When operating, Rocky Flats generates radioactive constituents mixed with hazardous waste, including transuranic wastes (greater than 100 nanoCuries of transuranic elements per gram) (TRU-mixed wastes) and "mixed residues." "Transuranic" refers to plutonium and other elements with an atomic number higher than that of uranium. Although mixed residues contain more than 100 nanoCuries of transuranic elements per gram, DOE long refused to classify them as wastes because they contain sufficient concentrations of plutonium to warrant further plutonium recovery. Some mixed residues are combustible and were previously incinerated in the Special Nuclear Material Recovery Incinerator (the incinerator) in Building 771 at Rocky Flats. However, because the incinerator is no longer functioning, no incineration in Building 771 will take place should plutonium processing operations resume.

In July, 1986, EPA issued a notice that RCRA applies to mixed radioactive and hazardous waste. 51 Fed.Reg. 24504 (July 3, 1986). Two years later, EPA announced that it would treat the notice as if it were a regulatory change, thus, allowing facilities such as Rocky Flats to gain interim status. 53 Fed.Reg. 37045, 37046-47 (September 23, 1988). CDH followed EPA's determination that RCRA applies to mixed radioactive and hazardous waste.
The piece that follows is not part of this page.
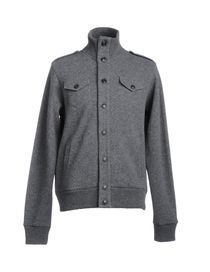 WOOLRICH - Cardigan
By previous order, I rejected DOE's position that its "mixed residues" were not subject to RCRA and held that: (1) all substances listed at 40 C.F.R. Part 261, Subpart D or possessing characteristics set forth at 40 C.F.R. Part 261, Subpart C, and that defendants have burned in an incinerator or are storing pending treatment in a plutonium recovery process are RCRA Subtitle C hazardous wastes; (2) all substances (except plutonium) mixed with listed hazardous wastes are RCRA Subtitle C hazardous wastes; and (3) all residues (except plutonium) from incineration or other treatment in a plutonium recovery process of hazardous wastes are RCRA Subtitle C hazardous wastes. Sierra Club v. United States Dep't of Energy, 734 F. Supp. 946, 947 (D.Colo. 1990).

Despite this holding, DOE never obtained interim status or a permit for these "mixed residues." DOE is storing 599.5 cubic yards of mixed residues at Rocky Flats. The storage of these mixed residues results in an undetermined quantity of carbon tetrachloride being vented into the atmosphere. Under the 1990 Clean Air Act amendments, carbon tetrachloride is classified as a "hazardous air pollutant." 42 U.S.C. § 7412(b)(1). Those amendments also required EPA to list carbon tetrachloride as a substance that "causes or contributes significantly to harmful effects in the stratospheric ozone layer." 42 U.S.C. § 7671a(a).
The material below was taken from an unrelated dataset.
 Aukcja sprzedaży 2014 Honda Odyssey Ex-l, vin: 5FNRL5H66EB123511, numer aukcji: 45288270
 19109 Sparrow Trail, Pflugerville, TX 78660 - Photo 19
On August 9, 1989, CDH issued a Notice of Violation concerning these mixed residues. On November 3, 1989, DOE and CDH entered into a Settlement Agreement and Compliance Order (November 1989 order), which established a system for identification, characterization, classification, and management of the mixed residues. In particular, this order required DOE to submit a Residue Compliance Plan by September 28, 1990 (the plan).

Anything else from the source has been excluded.